What is being asked ->
For the material below, count the lines containing "apple" and reply with the number alone.

Provided information ->

:::::

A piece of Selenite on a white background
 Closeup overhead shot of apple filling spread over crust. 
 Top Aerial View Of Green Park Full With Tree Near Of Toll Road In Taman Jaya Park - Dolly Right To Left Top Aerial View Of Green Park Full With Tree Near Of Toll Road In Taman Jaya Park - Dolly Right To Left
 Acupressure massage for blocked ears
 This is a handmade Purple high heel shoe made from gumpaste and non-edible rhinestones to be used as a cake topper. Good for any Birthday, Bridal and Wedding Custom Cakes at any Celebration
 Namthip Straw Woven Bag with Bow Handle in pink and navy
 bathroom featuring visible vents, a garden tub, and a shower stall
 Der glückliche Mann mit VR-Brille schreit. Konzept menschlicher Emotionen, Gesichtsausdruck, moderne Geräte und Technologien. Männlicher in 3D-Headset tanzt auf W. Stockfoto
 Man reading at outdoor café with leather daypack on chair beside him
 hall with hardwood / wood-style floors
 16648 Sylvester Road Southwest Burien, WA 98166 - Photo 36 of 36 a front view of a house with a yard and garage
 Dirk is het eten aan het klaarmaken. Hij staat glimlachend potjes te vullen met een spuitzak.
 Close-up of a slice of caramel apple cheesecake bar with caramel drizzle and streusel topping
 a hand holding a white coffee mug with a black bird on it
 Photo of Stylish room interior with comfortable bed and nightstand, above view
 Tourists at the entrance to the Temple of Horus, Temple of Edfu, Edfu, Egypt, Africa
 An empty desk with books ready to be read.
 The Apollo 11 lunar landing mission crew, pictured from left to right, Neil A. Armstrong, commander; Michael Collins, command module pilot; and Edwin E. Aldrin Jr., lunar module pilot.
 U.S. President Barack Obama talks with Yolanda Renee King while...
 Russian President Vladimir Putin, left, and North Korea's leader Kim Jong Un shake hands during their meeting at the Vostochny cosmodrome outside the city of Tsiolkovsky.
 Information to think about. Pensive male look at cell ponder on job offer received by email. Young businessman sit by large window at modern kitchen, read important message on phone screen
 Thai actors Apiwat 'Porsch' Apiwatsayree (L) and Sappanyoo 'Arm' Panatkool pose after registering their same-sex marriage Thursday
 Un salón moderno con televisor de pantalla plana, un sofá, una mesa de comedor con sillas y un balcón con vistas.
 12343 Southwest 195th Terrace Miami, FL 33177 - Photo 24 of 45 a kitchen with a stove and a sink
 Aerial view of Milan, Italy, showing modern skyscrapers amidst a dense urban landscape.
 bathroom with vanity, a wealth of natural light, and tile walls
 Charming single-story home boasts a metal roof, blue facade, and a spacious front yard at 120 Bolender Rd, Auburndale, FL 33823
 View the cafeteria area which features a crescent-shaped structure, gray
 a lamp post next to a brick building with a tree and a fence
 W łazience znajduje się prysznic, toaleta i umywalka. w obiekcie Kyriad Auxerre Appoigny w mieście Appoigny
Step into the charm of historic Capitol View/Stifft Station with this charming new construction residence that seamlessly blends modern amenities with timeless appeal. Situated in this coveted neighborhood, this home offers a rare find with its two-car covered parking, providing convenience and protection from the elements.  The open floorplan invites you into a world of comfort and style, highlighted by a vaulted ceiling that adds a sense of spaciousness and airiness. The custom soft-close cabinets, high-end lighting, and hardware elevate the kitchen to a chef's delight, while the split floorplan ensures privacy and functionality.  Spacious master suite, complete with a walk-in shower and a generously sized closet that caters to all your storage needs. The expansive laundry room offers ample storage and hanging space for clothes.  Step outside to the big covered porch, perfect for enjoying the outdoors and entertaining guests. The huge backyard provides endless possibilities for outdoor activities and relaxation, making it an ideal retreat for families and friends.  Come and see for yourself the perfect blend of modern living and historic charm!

:::::

Reply to the exercise ->
2